Work required: Please repeat each line below exactly, with no images in the copy.

----- Supplied material

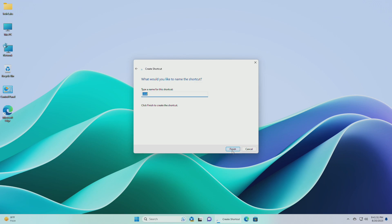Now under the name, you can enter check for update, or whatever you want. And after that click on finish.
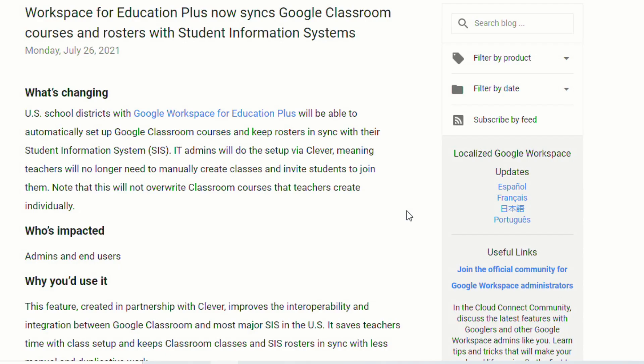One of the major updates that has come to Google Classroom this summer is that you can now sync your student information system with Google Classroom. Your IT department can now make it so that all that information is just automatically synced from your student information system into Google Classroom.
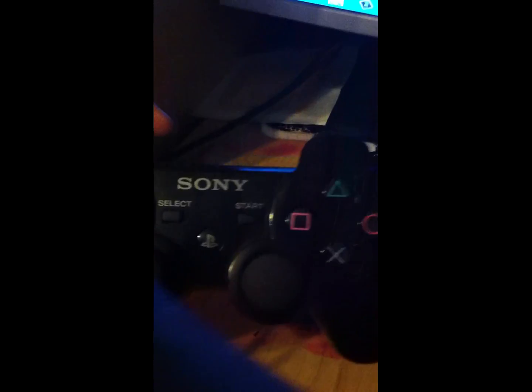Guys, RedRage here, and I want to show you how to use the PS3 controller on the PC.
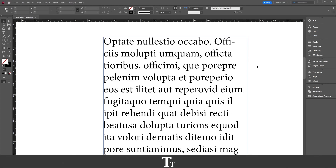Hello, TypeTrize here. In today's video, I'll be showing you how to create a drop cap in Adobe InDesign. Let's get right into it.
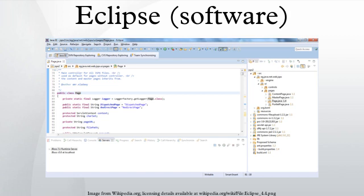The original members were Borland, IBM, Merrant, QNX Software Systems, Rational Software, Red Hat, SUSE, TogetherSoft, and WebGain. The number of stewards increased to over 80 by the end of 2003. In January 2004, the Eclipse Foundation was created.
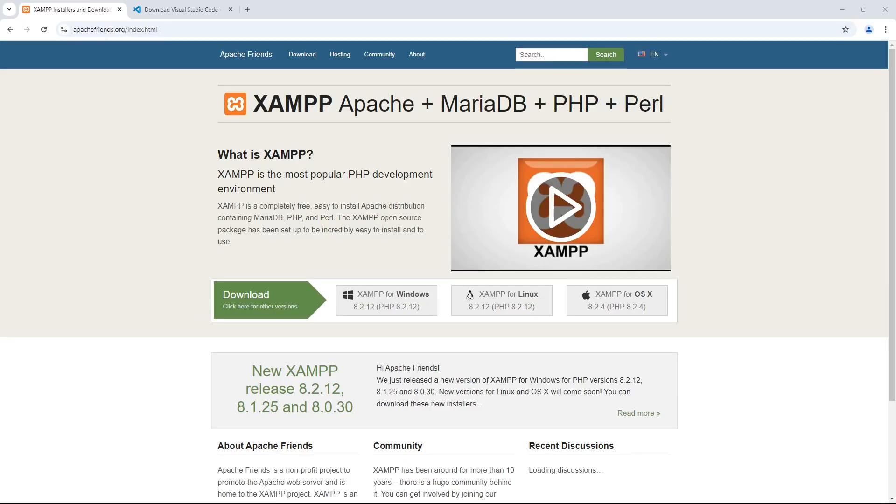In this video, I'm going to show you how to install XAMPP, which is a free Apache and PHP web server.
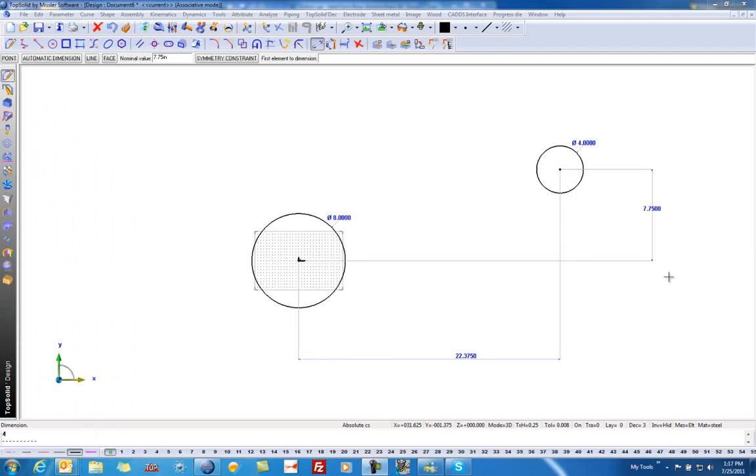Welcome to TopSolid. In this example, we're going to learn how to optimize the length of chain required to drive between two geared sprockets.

----------

Task answer:
Now under the name, you can enter check for update, or whatever you want. And after that click on finish.
One of the major updates that has come to Google Classroom this summer is that you can now sync your student information system with Google Classroom. Your IT department can now make it so that all that information is just automatically synced from your student information system into Google Classroom.
Guys, RedRage here, and I want to show you how to use the PS3 controller on the PC.
Hello, TypeTrize here. In today's video, I'll be showing you how to create a drop cap in Adobe InDesign. Let's get right into it.
The original members were Borland, IBM, Merrant, QNX Software Systems, Rational Software, Red Hat, SUSE, TogetherSoft, and WebGain. The number of stewards increased to over 80 by the end of 2003. In January 2004, the Eclipse Foundation was created.
In this video, I'm going to show you how to install XAMPP, which is a free Apache and PHP web server.
Welcome to TopSolid. In this example, we're going to learn how to optimize the length of chain required to drive between two geared sprockets.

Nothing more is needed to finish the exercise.